WORK ITEM — The answer should consist of each line from the data below that includes "Medium".

DATA RECORDS —
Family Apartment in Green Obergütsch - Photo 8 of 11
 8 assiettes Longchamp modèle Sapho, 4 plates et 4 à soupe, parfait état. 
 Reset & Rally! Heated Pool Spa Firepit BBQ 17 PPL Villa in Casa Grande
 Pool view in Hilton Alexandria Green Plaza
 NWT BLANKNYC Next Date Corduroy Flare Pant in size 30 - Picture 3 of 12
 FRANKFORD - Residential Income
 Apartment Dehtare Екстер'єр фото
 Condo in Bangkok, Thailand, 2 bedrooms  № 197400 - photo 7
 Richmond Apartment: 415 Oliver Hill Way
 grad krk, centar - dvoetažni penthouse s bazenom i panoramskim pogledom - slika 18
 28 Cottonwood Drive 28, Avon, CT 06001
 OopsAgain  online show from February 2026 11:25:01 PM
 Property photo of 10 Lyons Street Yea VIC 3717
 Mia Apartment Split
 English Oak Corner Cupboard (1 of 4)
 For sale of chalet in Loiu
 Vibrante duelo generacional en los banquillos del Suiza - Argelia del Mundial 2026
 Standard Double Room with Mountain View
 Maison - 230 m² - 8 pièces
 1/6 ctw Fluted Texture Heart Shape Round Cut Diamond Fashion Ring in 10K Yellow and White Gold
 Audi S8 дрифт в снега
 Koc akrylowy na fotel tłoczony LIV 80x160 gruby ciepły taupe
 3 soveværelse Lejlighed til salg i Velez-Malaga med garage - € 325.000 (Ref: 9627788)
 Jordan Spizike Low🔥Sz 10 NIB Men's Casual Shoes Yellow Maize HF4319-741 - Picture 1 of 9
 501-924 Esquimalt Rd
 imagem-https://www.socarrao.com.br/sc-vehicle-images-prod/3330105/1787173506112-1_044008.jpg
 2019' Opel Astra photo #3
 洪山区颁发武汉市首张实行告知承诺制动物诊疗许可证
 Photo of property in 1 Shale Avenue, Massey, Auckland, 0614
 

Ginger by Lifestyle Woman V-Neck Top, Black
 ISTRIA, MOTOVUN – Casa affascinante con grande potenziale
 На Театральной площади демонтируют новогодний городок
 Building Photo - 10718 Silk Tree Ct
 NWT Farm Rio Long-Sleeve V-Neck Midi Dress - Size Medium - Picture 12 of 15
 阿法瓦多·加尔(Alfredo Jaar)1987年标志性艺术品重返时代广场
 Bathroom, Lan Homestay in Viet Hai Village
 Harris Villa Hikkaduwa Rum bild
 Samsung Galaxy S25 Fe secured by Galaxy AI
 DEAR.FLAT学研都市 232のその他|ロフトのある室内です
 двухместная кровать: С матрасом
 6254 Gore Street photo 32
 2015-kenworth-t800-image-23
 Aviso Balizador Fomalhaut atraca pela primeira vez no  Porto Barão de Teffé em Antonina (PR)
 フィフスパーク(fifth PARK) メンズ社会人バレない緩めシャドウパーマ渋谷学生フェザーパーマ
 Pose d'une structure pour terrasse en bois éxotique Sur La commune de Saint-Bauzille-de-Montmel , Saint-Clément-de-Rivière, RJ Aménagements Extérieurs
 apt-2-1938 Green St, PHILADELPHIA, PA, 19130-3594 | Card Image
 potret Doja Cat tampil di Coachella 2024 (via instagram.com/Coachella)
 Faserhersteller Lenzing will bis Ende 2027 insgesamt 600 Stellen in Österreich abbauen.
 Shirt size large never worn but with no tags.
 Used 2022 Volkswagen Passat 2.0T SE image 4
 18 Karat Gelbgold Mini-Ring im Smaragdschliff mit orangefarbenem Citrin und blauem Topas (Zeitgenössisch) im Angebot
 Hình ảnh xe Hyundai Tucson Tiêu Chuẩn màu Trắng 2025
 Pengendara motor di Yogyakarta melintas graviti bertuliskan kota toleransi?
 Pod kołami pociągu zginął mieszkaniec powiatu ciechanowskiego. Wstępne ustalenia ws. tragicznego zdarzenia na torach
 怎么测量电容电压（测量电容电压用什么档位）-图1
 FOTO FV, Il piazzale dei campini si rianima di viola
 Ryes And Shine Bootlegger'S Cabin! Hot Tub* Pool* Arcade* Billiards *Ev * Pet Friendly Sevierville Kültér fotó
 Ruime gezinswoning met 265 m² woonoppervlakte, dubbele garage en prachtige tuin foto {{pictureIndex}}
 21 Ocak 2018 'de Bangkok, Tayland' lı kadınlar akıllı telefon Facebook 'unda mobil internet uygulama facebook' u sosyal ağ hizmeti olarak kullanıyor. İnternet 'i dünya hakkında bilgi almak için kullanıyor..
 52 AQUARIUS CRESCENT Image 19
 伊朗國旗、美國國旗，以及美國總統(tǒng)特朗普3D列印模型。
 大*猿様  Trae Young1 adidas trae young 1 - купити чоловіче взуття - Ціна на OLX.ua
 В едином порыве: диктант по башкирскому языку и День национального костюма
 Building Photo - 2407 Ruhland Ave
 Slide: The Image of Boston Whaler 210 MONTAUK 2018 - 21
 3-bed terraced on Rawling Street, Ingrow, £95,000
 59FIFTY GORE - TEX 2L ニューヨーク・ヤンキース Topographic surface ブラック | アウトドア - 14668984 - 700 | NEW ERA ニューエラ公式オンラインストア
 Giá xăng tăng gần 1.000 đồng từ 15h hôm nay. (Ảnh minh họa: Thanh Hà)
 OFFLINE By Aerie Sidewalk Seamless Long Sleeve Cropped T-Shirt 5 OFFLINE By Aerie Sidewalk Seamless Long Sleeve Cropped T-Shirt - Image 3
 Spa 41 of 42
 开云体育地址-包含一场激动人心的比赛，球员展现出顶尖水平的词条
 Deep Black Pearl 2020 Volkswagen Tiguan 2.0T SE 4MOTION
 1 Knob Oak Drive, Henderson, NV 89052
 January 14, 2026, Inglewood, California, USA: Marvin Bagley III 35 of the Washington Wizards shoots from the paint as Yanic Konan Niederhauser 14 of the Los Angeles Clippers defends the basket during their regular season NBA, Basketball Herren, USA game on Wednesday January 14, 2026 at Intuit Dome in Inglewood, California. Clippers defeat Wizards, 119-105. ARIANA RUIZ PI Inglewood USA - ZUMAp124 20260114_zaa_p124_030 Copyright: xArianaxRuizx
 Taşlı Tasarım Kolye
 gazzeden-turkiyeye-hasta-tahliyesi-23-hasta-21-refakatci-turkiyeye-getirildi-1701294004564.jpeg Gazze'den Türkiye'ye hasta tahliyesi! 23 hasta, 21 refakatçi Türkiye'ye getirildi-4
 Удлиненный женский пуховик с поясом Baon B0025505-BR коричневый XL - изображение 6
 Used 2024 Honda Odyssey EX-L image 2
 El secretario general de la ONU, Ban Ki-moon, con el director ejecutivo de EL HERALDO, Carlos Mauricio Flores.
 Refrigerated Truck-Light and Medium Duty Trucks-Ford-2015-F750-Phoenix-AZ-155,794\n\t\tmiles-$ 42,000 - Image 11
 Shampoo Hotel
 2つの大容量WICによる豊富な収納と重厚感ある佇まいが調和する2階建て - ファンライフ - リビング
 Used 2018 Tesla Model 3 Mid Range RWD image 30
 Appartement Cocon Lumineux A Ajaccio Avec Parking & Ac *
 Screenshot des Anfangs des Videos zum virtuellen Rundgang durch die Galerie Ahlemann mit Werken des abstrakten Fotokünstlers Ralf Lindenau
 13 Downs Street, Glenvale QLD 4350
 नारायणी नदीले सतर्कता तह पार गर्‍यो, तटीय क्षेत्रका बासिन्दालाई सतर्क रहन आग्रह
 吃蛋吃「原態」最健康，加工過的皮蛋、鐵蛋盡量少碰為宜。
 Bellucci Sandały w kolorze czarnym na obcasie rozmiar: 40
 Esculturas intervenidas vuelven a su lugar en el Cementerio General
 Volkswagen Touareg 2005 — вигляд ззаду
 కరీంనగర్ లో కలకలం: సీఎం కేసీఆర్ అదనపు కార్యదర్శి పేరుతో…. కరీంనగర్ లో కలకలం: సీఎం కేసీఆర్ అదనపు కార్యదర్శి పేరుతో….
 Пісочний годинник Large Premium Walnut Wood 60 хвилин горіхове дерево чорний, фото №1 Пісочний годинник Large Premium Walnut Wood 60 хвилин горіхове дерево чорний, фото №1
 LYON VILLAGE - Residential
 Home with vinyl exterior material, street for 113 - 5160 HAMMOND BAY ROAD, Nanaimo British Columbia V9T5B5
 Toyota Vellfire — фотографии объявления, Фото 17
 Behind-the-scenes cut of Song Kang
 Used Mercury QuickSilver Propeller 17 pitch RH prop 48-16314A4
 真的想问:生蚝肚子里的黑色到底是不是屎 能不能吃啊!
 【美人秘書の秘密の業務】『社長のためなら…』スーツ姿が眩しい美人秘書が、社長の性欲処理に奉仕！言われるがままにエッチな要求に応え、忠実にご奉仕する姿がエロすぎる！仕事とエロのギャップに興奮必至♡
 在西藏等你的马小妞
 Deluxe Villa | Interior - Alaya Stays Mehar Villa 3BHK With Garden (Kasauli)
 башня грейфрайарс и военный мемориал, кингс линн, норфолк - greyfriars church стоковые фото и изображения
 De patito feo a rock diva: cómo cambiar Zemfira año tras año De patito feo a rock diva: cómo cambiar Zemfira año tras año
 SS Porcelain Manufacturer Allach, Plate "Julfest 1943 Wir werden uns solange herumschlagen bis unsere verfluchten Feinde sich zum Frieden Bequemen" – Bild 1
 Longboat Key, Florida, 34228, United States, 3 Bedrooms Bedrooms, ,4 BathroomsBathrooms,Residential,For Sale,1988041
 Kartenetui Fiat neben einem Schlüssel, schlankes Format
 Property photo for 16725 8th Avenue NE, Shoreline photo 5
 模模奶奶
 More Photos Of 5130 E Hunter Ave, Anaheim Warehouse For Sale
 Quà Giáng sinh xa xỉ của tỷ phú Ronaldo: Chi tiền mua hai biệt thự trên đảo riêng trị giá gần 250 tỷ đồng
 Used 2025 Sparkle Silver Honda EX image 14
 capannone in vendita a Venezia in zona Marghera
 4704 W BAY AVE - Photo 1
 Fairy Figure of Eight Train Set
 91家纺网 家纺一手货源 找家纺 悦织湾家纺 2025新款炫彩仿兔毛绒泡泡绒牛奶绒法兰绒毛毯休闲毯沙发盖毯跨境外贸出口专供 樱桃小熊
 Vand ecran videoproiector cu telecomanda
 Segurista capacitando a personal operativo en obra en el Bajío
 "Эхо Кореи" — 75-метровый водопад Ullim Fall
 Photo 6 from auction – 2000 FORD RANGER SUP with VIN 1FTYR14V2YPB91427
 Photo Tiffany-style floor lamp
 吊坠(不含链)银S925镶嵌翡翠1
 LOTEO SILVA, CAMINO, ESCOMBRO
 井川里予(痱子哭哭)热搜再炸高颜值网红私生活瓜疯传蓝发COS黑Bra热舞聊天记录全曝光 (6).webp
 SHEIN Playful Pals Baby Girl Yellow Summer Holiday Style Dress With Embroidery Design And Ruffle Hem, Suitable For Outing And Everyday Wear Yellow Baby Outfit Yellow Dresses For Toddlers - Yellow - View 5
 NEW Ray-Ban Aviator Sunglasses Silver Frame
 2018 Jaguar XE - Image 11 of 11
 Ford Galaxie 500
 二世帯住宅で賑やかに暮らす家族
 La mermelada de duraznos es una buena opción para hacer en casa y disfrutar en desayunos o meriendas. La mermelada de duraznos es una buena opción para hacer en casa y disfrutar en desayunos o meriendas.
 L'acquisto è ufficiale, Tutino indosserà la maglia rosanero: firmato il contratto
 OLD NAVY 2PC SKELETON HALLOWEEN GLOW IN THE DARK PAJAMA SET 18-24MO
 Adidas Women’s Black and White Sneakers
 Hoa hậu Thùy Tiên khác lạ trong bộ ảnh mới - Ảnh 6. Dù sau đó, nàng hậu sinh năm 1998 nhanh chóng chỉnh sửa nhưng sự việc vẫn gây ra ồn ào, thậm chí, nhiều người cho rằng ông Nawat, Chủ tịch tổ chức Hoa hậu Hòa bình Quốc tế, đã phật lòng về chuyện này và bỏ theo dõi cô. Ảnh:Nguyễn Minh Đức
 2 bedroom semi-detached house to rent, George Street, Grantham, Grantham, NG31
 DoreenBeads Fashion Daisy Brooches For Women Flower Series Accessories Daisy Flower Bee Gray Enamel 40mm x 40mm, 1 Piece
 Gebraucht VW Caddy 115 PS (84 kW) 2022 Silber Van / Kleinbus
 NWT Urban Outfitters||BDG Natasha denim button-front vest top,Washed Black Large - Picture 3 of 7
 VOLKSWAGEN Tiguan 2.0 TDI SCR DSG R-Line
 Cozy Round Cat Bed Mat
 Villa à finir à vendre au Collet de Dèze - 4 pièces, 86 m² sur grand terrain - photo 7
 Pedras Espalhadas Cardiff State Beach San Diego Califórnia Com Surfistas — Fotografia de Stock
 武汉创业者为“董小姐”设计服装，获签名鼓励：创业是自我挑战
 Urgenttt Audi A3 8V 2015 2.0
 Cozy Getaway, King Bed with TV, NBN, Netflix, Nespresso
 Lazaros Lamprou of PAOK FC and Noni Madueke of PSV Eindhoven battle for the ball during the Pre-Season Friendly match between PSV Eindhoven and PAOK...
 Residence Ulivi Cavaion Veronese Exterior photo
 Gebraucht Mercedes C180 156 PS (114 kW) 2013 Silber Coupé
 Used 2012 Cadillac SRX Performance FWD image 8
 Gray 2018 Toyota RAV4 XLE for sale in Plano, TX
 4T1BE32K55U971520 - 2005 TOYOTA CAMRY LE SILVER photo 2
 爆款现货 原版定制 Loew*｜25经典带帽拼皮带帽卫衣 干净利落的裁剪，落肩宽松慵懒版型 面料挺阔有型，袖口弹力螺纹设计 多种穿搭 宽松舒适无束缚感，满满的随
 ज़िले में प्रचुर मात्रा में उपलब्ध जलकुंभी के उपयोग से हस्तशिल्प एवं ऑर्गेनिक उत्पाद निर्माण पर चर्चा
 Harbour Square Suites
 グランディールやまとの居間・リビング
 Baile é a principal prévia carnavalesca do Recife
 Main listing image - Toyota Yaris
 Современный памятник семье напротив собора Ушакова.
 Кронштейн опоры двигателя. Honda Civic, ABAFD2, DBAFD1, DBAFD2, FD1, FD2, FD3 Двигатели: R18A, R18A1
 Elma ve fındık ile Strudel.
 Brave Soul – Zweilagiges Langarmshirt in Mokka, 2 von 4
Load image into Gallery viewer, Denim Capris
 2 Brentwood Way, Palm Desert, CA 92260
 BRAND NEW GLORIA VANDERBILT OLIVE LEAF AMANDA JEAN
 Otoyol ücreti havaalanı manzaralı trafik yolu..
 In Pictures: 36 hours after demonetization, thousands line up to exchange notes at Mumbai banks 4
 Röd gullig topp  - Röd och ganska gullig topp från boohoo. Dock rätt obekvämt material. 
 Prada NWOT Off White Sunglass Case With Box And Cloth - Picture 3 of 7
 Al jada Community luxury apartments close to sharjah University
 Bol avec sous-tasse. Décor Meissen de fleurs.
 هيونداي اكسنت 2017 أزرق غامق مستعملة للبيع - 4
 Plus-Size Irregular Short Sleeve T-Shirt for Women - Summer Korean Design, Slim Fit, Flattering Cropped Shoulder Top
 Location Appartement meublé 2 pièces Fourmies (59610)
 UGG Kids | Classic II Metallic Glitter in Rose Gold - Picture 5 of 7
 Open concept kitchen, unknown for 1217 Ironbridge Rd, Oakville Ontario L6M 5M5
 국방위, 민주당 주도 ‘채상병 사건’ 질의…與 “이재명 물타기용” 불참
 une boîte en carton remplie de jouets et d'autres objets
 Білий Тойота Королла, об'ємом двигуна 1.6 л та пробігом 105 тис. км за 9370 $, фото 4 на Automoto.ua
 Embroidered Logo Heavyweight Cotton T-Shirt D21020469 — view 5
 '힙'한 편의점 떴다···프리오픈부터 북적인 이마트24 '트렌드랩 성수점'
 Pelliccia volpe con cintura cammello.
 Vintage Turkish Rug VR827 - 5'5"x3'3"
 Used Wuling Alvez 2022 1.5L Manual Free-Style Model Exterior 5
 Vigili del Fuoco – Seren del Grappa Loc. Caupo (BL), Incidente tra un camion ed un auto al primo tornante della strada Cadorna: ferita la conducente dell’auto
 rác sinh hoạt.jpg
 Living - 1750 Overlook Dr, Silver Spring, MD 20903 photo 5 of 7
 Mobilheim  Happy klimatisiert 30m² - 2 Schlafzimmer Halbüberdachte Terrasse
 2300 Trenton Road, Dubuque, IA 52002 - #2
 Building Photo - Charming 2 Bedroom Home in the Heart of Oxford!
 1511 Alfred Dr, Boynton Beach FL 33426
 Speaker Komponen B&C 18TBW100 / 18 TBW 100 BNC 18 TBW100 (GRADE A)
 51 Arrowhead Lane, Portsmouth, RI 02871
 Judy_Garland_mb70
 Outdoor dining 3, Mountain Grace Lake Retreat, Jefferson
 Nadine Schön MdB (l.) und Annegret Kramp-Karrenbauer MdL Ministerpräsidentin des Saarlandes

ANSWER —
 NWT Farm Rio Long-Sleeve V-Neck Midi Dress - Size Medium - Picture 12 of 15
 Refrigerated Truck-Light and Medium Duty Trucks-Ford-2015-F750-Phoenix-AZ-155,794\n\t\tmiles-$ 42,000 - Image 11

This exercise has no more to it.